BEGIN Data block
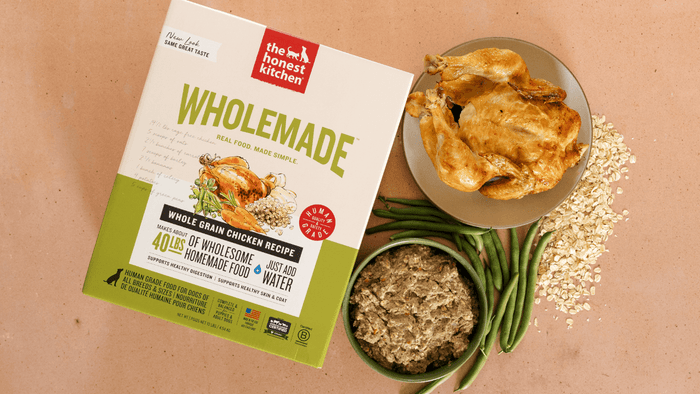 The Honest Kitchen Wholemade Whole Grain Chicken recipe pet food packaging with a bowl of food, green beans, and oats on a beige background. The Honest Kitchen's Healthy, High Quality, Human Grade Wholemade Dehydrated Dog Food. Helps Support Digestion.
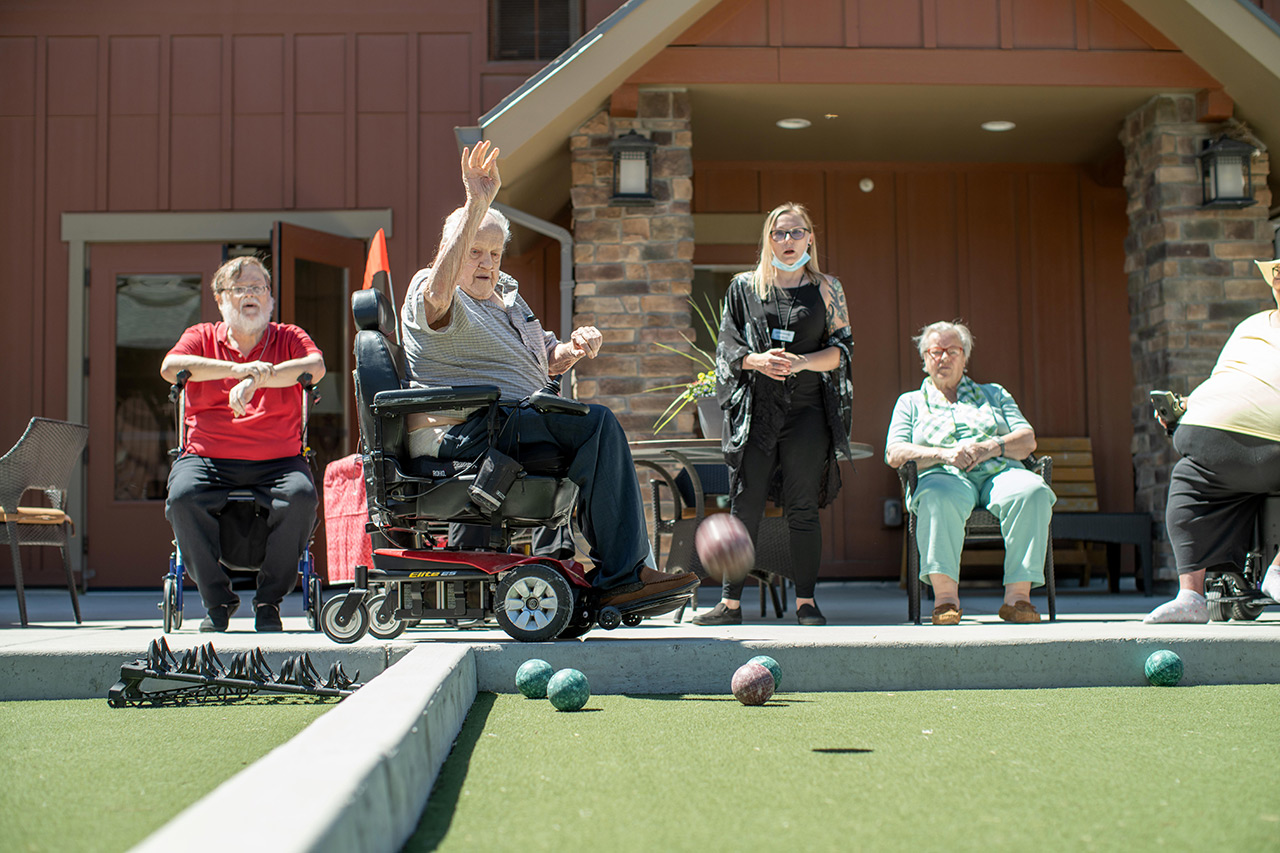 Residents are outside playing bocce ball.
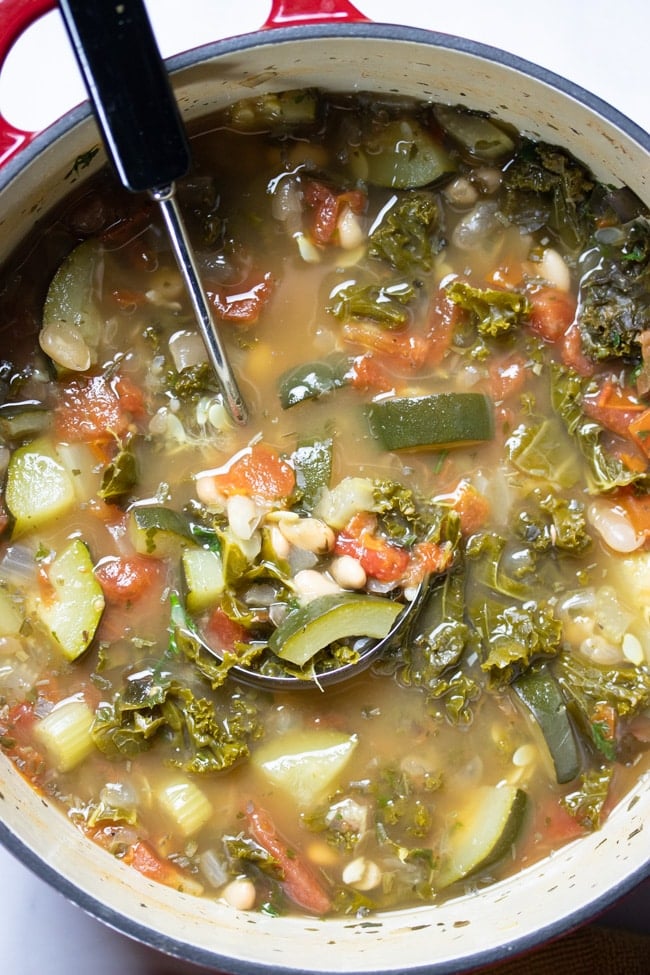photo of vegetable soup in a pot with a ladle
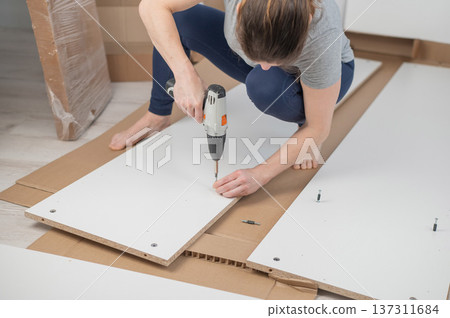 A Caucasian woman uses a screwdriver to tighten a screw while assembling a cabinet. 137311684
END Data block
■ Work order
Starting at the line with "photo of vegetable soup in a pot with a ladle", output each line through the final one of the listing above, and nothing else. Pictures are to be left out.

■ Answer section
photo of vegetable soup in a pot with a ladle
 A Caucasian woman uses a screwdriver to tighten a screw while assembling a cabinet. 137311684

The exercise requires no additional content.